Sor Juana había documentado en secreto todo: los nombres de las monjas castigadas, los métodos de los confesores, las fechas de cada castigo. Como ella, otras mujeres escondieron cartas y diarios, negándose a desaparecer en silencio.

El historiador Brian Levack estima que entre 40.000 y 60.000 personas fueron ejecutadas oficialmente por brujería entre los siglos XV y XVIII; el 80% eran mujeres. Esas cifras no cuentan a las que murieron en las mazmorras antes del juicio, a las que enloquecieron o a las que simplemente desaparecieron. La Inquisición no solo eliminaba cuerpos, borraba identidades.

Los instrumentos de tortura hoy se exhiben en museos como reliquias de un tiempo bárbaro, pero la era del terror no terminó por un despertar de la conciencia. La caza de brujas se extinguió cuando dejó de ser rentable y el miedo comenzó a volverse contra sus propios creadores. La última ejecución oficial, la de Anna Göldi en Suiza, ocurrió tan tarde como 1782, mucho después de que la ciencia hubiera desmentido la existencia de la brujería.

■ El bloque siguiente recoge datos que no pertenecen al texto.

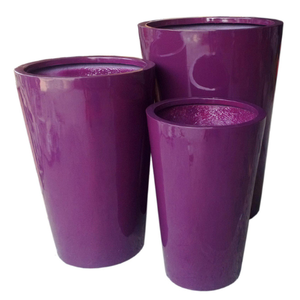 Vendeur chaud en fibre de verre Pots de jardinière décoratif FRP Pot forme ronde ensemble 3 pièces pour la décoration de la maison et du jardin fournisseur du Vietnam - Product Image 3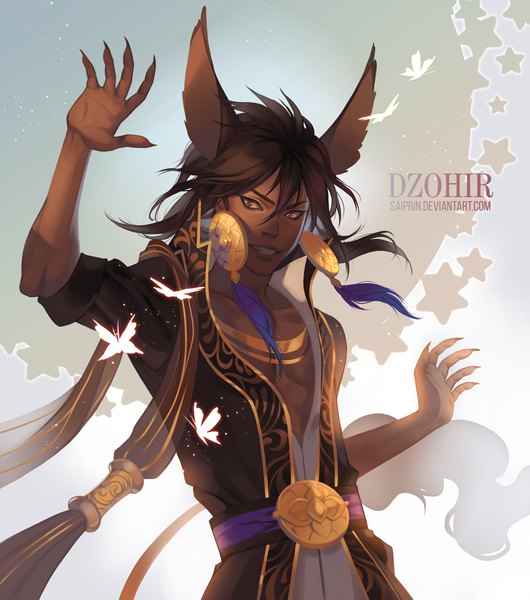 Anime picture 1060x1200 with original dzohir saiprin single tall image looking at viewer fringe short hair hair between eyes brown hair signed animal ears upper body tail animal tail pink eyes arm up character names dark skin demon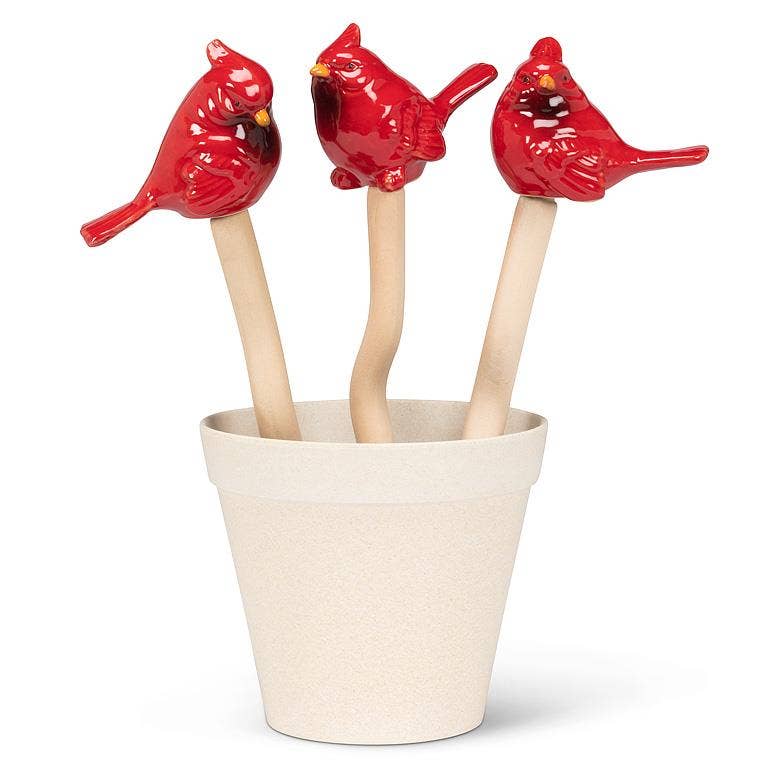 Wobbly Cardinal on Stake-3 Assorted-11.5"H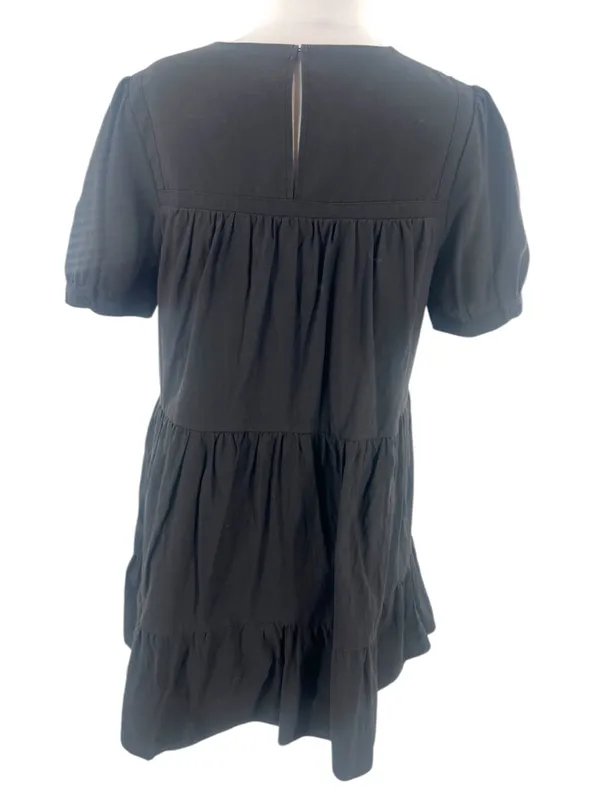 Tuckernuck Pomander Place Quinn Dress Size M Black Tiered Mini Swing Puff Sleeve - Image 5
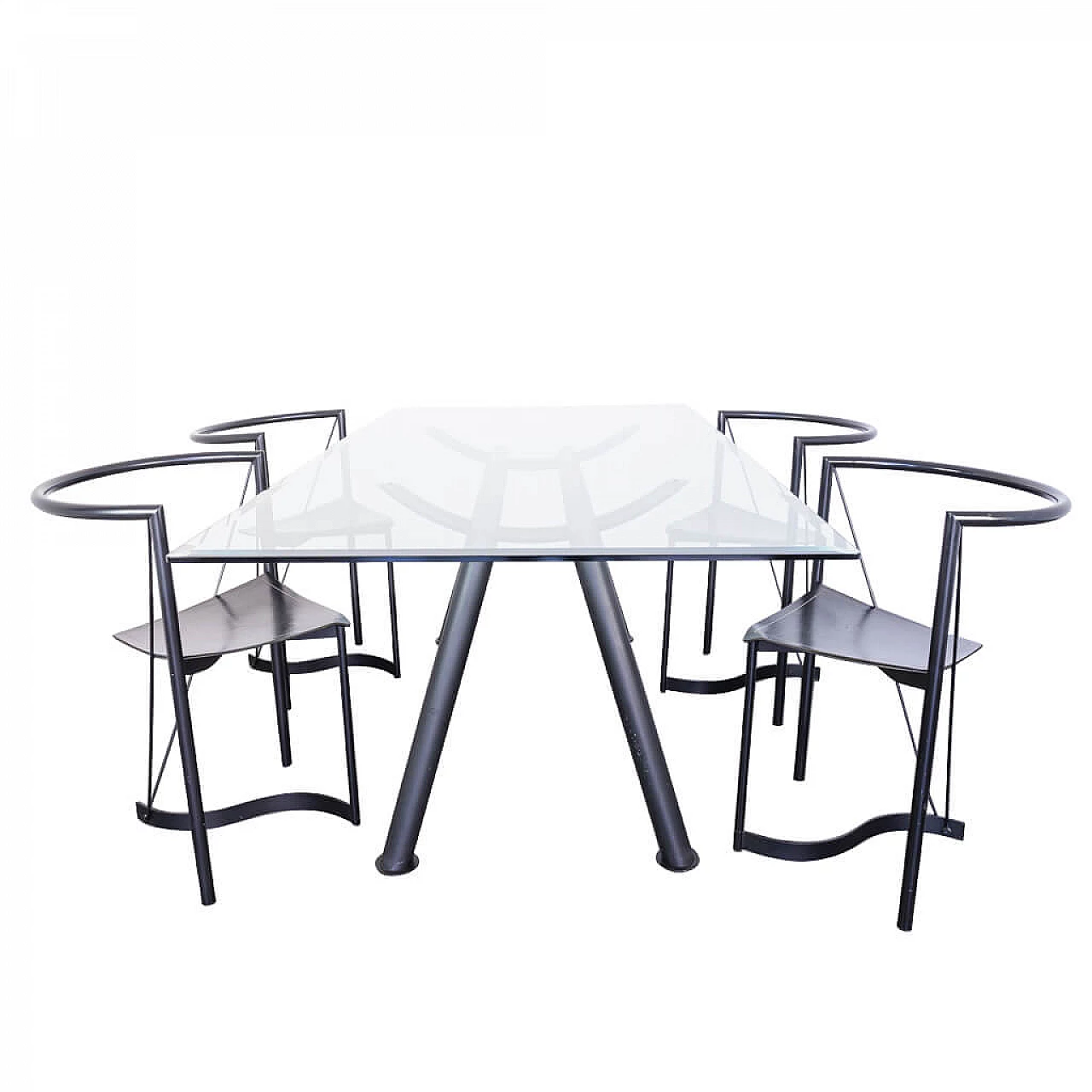 Set da pranzo con tavolo in cristallo e 4 sedie di design con seduta in in pelle e metallo, anni '80 1222670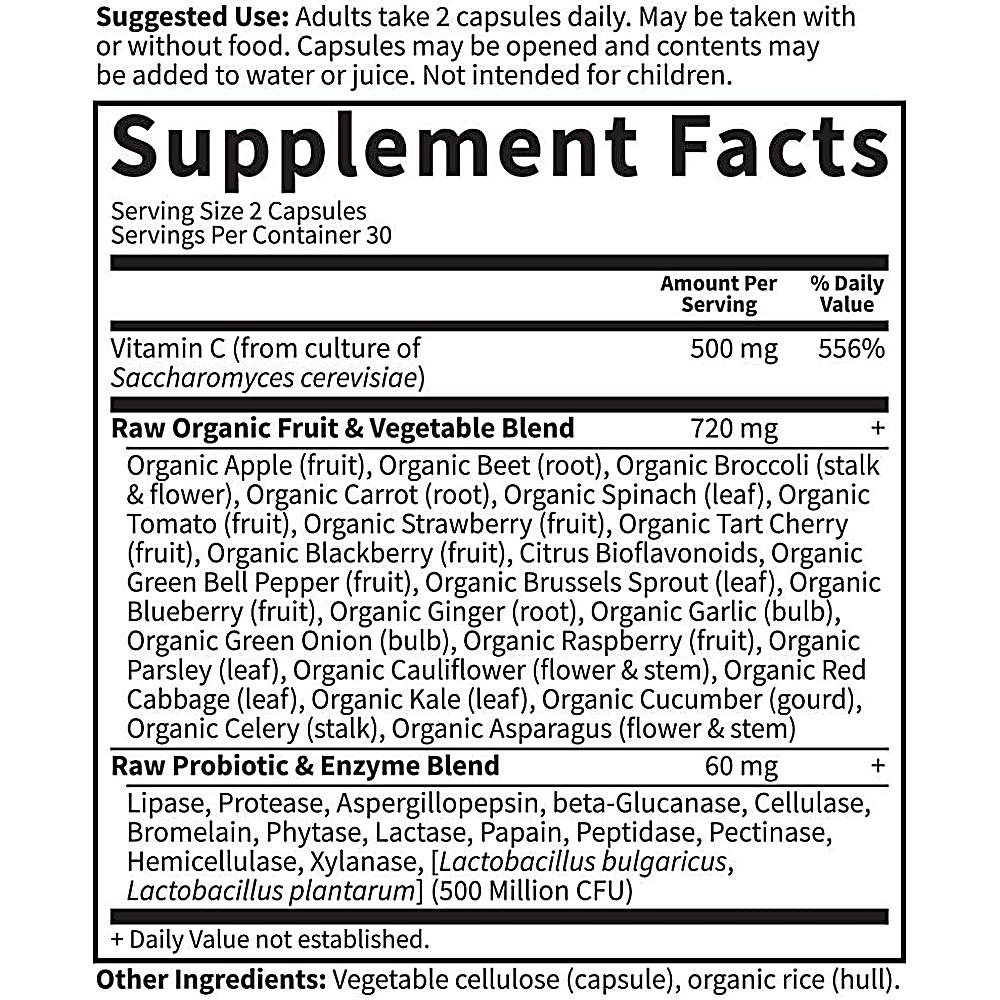 VITAMINA C GARDEN OF LIFE VITAMIN CODE RAW 500 MG 60 CÁPSULAS - 5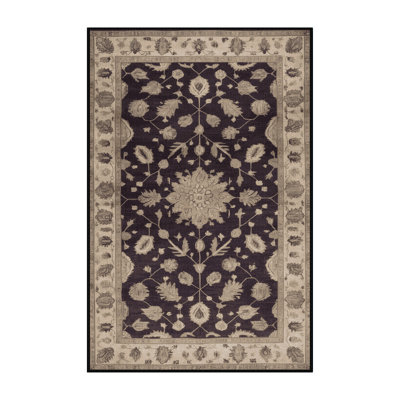Machine Washable Overdyed Black Area Rug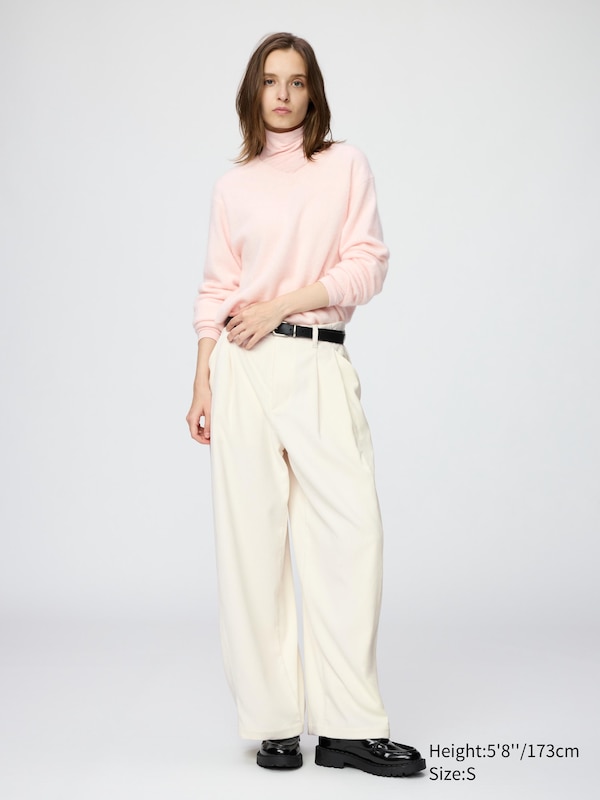 Fluffy Cashmere Relaxed V-Neck Sweater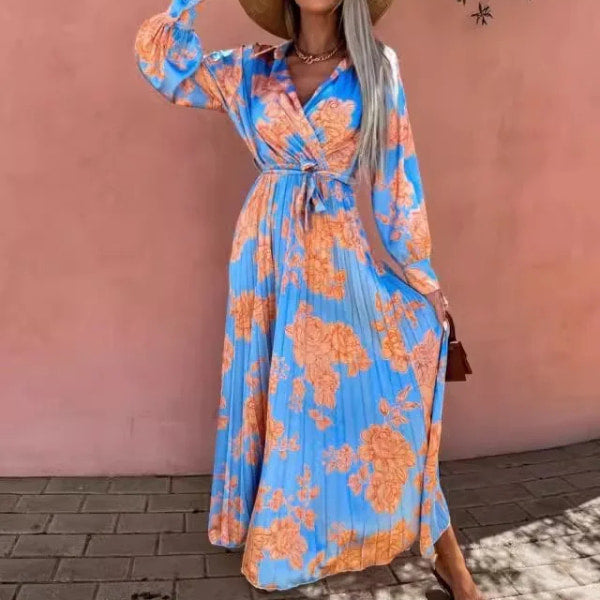 Light Blue Floral Long Dress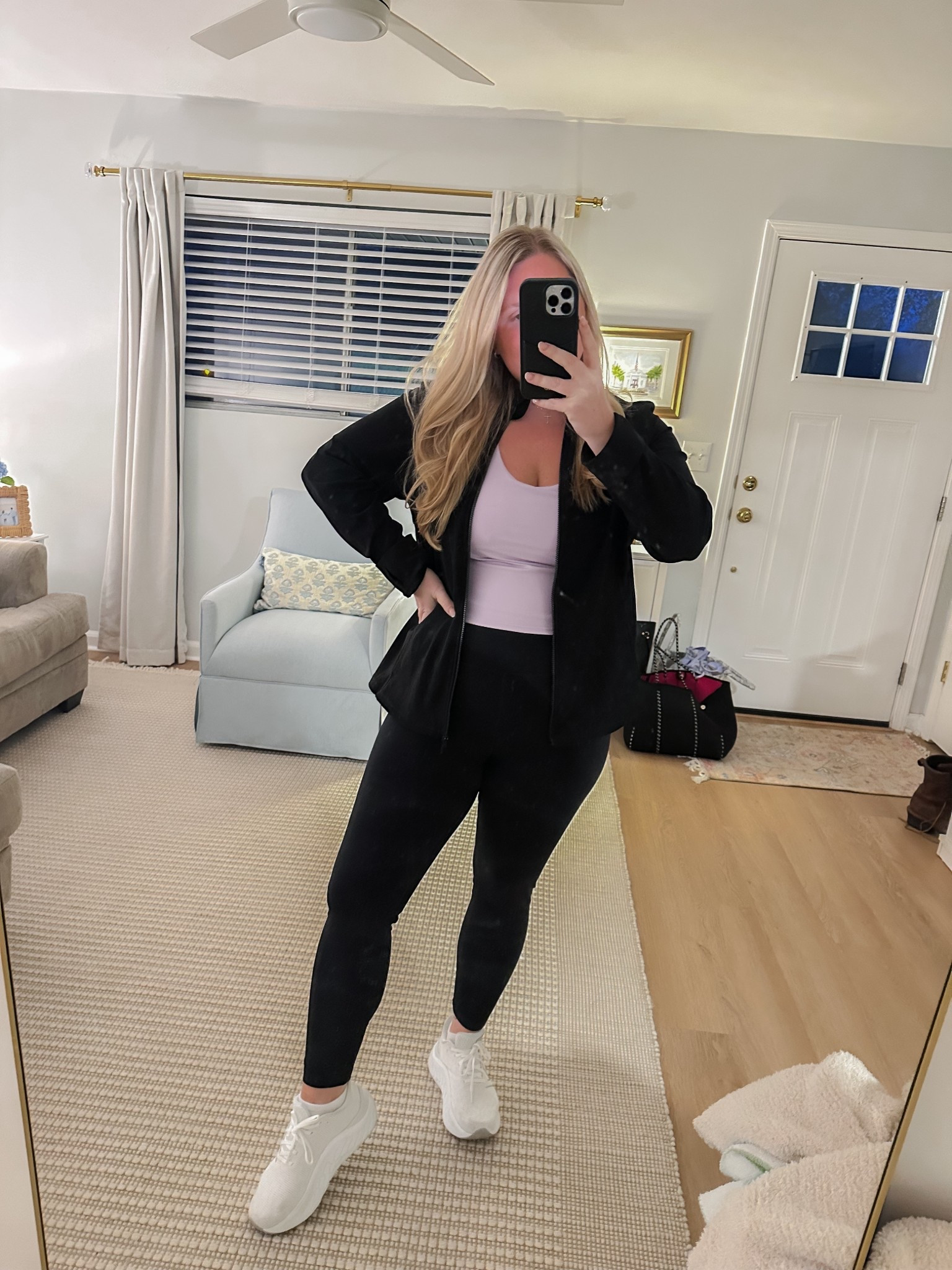 ootd! all Amazon! L in top , XL in leggings and jacket! 💜

#LTKMidsize #LTKFindsUnder50 #LTKActive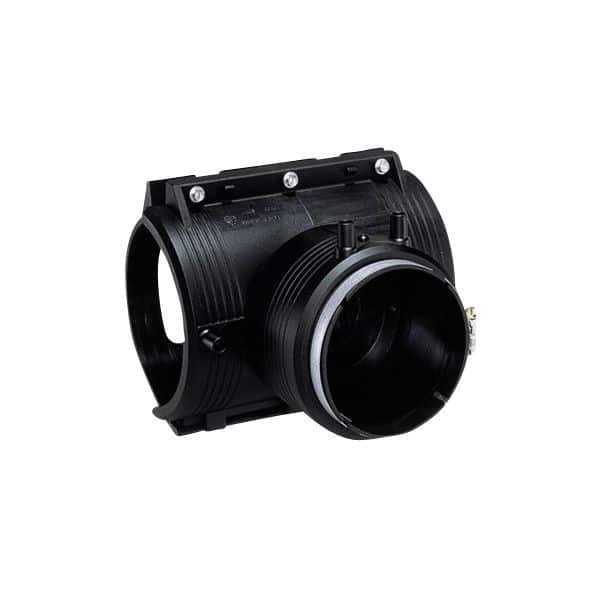 Black C-mount camera lens adapter with a large circular front opening and small mounting plate on top.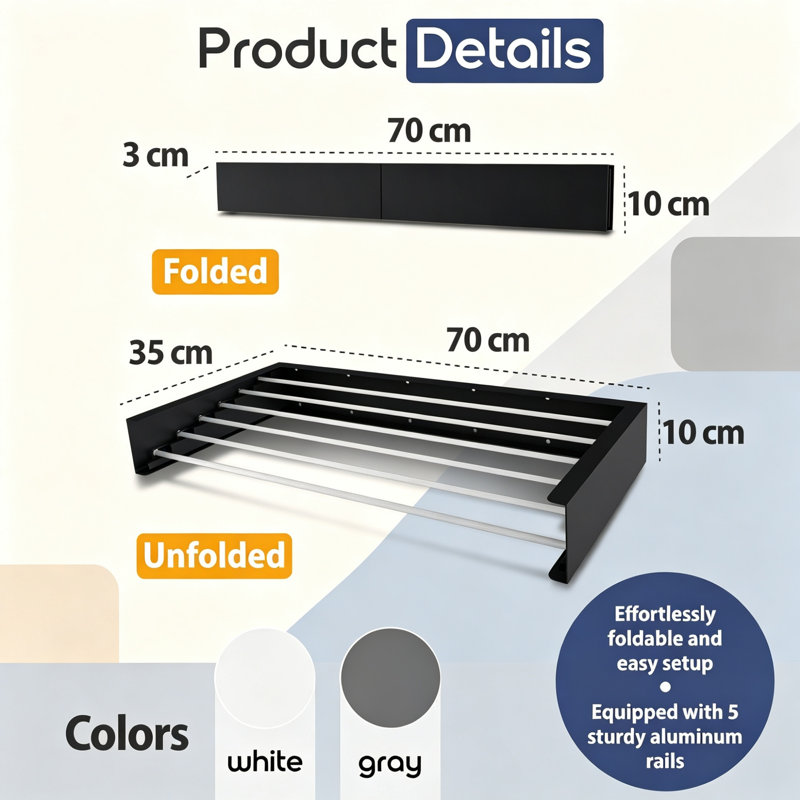 Aluminium, Stainless Steel Wall-Mounted Drying Rack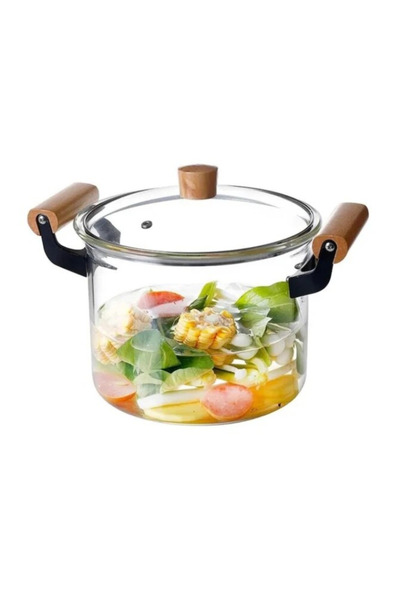 OEM Transparent glass pot with wooden handle – heat-resistant, elegant, modern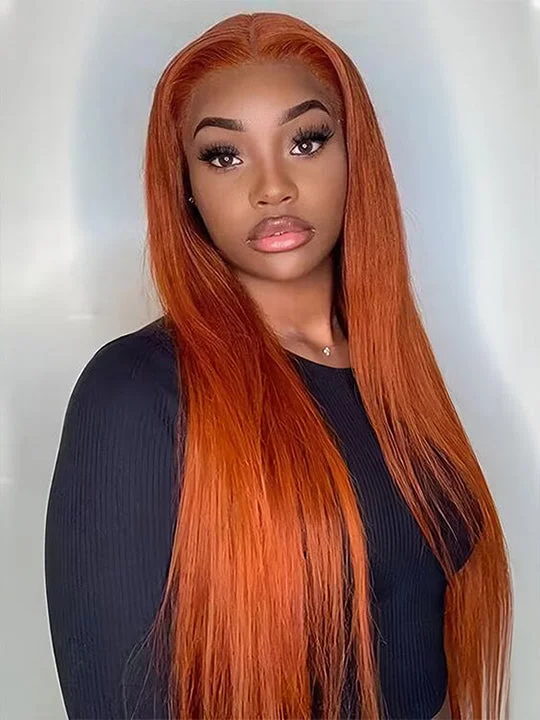 Colored wig with a wavy texture for a beachy and fun lookGinger Hair Colored Wig Silky Straight 4x4 13x4 Lace Front Human Hair Wigs #350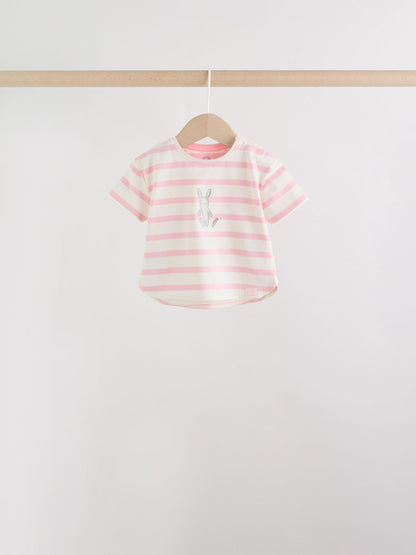 Grey and Pink Short Sleeve Top and Leggings Baby Set 6 Piece (0mths-3yrs) image 6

Pero la ciencia nunca importó. Aquella cacería nunca fue sobre religión o magia; fue sobre el control absoluto del poder y la autonomía femenina. Aunque las piras finalmente se apagaron, el legado de silenciar, culpar y cuestionar la palabra de la mujer mutó, adaptándose a nuevos tiempos. Las historias de Arnalda, Catalina, la monja “M” y las decenas de miles cuyos nombres fueron borrados, permanecen como un testimonio eterno de que el verdadero pecado, a los ojos de aquel sistema, nunca fue la herejía, sino la independencia.